#### [Your objective]
In the data below, retype exactly the line that contains "Bishoujo Control - Nintendo" and every line after it, through the last.

==== Data shown

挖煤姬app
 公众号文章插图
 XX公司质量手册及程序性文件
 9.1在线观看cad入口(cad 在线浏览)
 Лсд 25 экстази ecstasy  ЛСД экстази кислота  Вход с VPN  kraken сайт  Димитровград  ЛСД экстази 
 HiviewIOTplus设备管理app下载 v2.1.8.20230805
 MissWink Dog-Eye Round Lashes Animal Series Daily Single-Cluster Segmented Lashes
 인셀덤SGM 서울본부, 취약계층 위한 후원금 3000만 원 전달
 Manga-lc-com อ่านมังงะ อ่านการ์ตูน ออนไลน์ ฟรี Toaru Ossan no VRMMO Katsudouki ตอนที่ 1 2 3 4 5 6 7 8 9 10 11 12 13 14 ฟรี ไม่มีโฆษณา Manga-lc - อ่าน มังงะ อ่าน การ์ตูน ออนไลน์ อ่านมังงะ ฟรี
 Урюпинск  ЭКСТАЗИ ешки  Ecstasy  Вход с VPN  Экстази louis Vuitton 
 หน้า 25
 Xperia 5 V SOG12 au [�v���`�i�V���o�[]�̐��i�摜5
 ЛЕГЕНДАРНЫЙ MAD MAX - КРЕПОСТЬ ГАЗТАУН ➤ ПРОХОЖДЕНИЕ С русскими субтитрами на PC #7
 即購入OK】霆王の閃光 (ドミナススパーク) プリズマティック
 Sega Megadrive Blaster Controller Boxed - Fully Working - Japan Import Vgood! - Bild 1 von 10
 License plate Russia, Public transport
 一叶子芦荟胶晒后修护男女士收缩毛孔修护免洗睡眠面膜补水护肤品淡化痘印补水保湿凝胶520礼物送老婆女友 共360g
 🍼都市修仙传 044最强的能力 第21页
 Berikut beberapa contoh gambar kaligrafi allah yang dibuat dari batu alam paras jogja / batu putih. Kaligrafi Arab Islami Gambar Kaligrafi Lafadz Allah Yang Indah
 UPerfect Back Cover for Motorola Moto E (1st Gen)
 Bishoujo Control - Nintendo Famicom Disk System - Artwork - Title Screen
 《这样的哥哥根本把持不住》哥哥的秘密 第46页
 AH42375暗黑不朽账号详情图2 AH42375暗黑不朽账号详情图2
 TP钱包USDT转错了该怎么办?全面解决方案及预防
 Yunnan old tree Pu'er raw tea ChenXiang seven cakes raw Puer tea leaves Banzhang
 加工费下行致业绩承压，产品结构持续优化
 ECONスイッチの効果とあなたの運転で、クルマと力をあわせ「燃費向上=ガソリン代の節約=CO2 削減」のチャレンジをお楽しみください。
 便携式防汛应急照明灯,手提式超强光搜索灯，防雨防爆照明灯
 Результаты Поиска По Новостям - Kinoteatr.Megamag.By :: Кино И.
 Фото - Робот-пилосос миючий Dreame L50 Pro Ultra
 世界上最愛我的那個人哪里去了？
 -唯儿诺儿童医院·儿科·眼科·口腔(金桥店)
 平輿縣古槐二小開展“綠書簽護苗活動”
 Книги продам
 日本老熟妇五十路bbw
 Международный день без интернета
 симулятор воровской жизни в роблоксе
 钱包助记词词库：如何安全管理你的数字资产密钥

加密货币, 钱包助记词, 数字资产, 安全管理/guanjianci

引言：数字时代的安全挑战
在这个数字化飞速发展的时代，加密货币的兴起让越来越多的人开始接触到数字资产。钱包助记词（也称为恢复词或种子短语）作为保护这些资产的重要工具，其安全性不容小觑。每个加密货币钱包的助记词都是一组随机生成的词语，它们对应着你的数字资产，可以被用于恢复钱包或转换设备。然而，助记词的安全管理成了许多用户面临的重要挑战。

========

#### [Output for this task]
 Bishoujo Control - Nintendo Famicom Disk System - Artwork - Title Screen
 《这样的哥哥根本把持不住》哥哥的秘密 第46页
 AH42375暗黑不朽账号详情图2 AH42375暗黑不朽账号详情图2
 TP钱包USDT转错了该怎么办?全面解决方案及预防
 Yunnan old tree Pu'er raw tea ChenXiang seven cakes raw Puer tea leaves Banzhang
 加工费下行致业绩承压，产品结构持续优化
 ECONスイッチの効果とあなたの運転で、クルマと力をあわせ「燃費向上=ガソリン代の節約=CO2 削減」のチャレンジをお楽しみください。
 便携式防汛应急照明灯,手提式超强光搜索灯，防雨防爆照明灯
 Результаты Поиска По Новостям - Kinoteatr.Megamag.By :: Кино И.
 Фото - Робот-пилосос миючий Dreame L50 Pro Ultra
 世界上最愛我的那個人哪里去了？
 -唯儿诺儿童医院·儿科·眼科·口腔(金桥店)
 平輿縣古槐二小開展“綠書簽護苗活動”
 Книги продам
 日本老熟妇五十路bbw
 Международный день без интернета
 симулятор воровской жизни в роблоксе
 钱包助记词词库：如何安全管理你的数字资产密钥

加密货币, 钱包助记词, 数字资产, 安全管理/guanjianci

引言：数字时代的安全挑战
在这个数字化飞速发展的时代，加密货币的兴起让越来越多的人开始接触到数字资产。钱包助记词（也称为恢复词或种子短语）作为保护这些资产的重要工具，其安全性不容小觑。每个加密货币钱包的助记词都是一组随机生成的词语，它们对应着你的数字资产，可以被用于恢复钱包或转换设备。然而，助记词的安全管理成了许多用户面临的重要挑战。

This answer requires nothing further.